[Scraped caption text data]
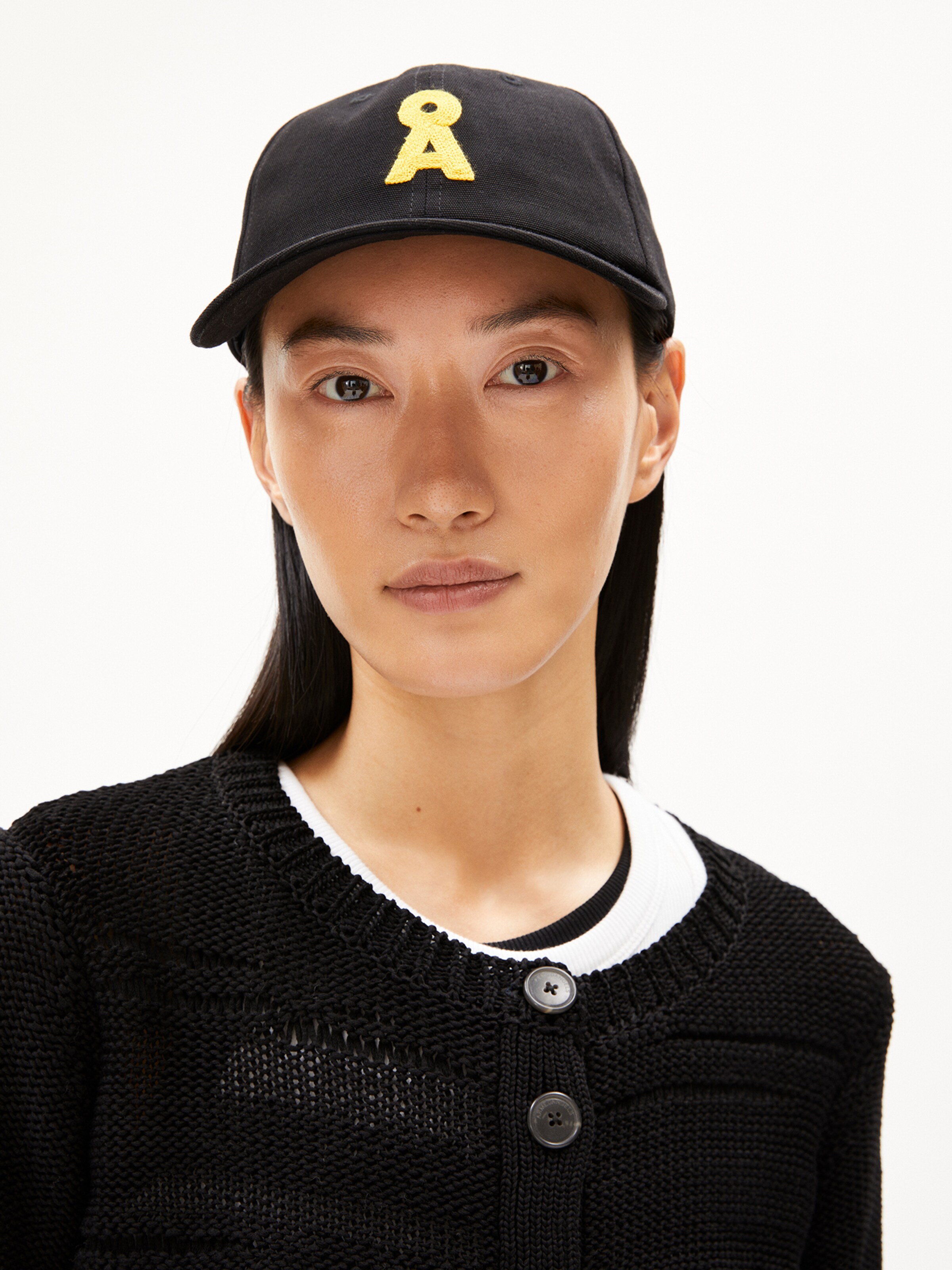 ARMEDANGELS Cap ICONIC Å YENAAS in Schwarz: Vorderseite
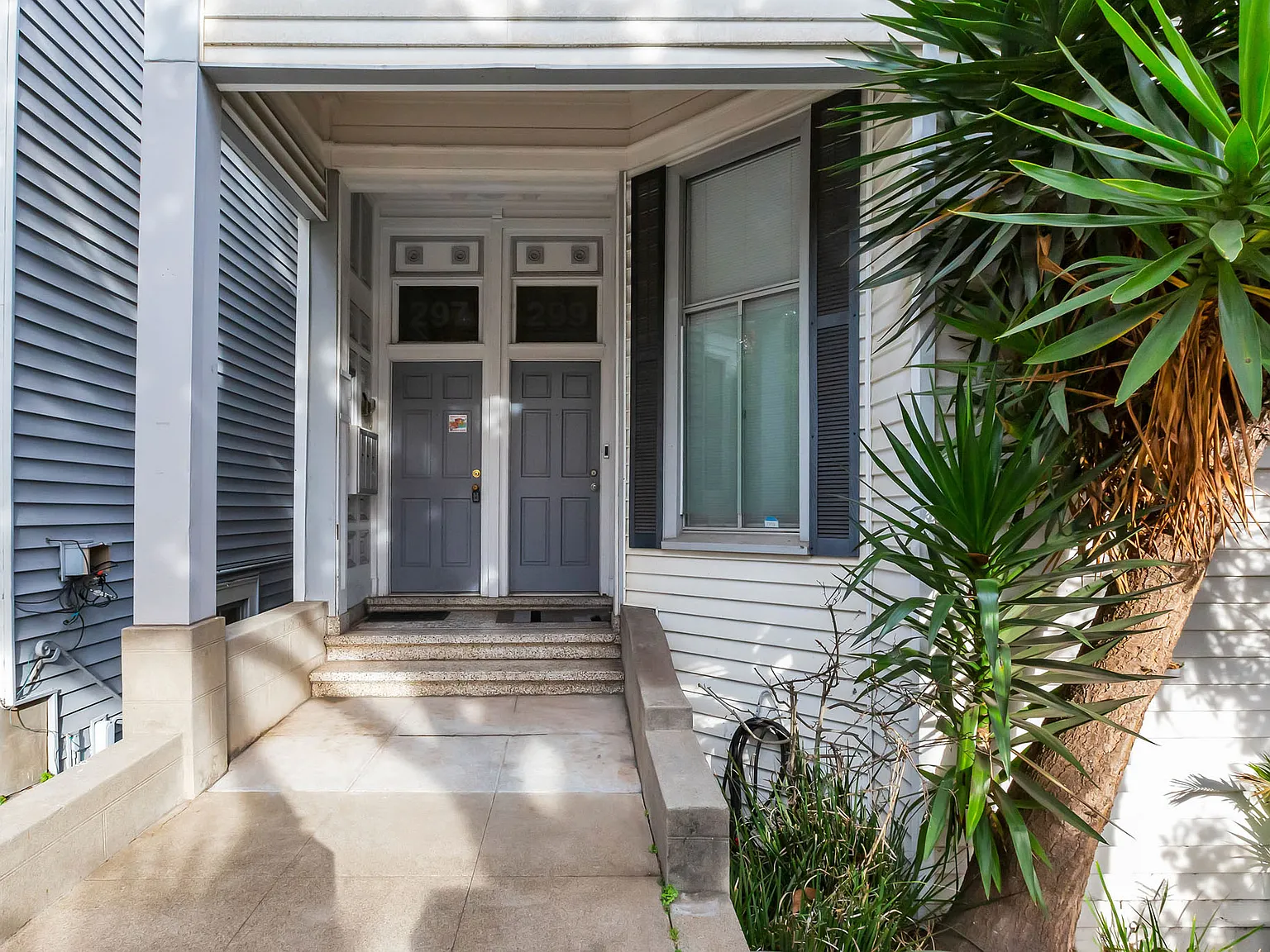 295 Castro — Photo 1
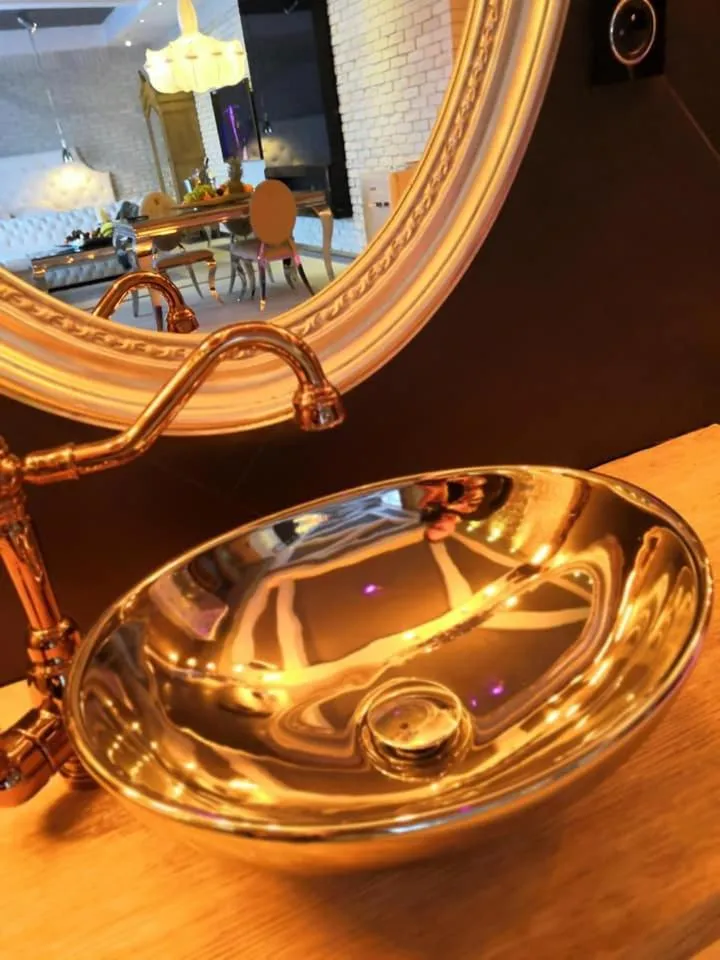 Hotel Ramka & Restaurant & Wine Bar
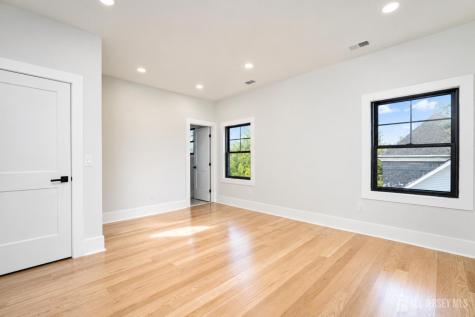 1684 Frank Street Edison NJ 08820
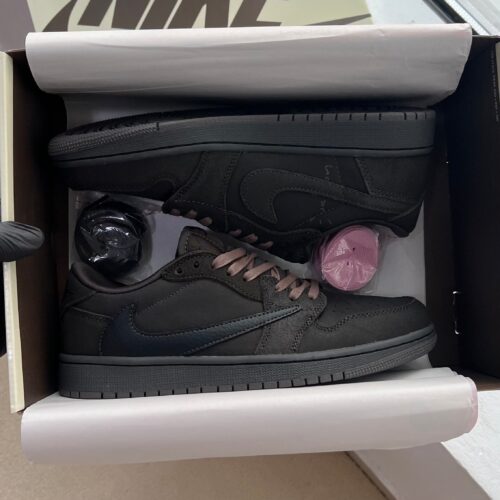 Jordan x Travis Scott Air Jordan 1 Low OG "Velvet Brown"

WHAT THE TASK ASKS → Once you find the line containing "Hotel Ramka & Restaurant & Wine Bar", transcribe it and each line after it to the end of the records exactly, and leave out the pictures.

RESPONSE BELOW →
 Hotel Ramka & Restaurant & Wine Bar
 1684 Frank Street Edison NJ 08820
 Jordan x Travis Scott Air Jordan 1 Low OG "Velvet Brown"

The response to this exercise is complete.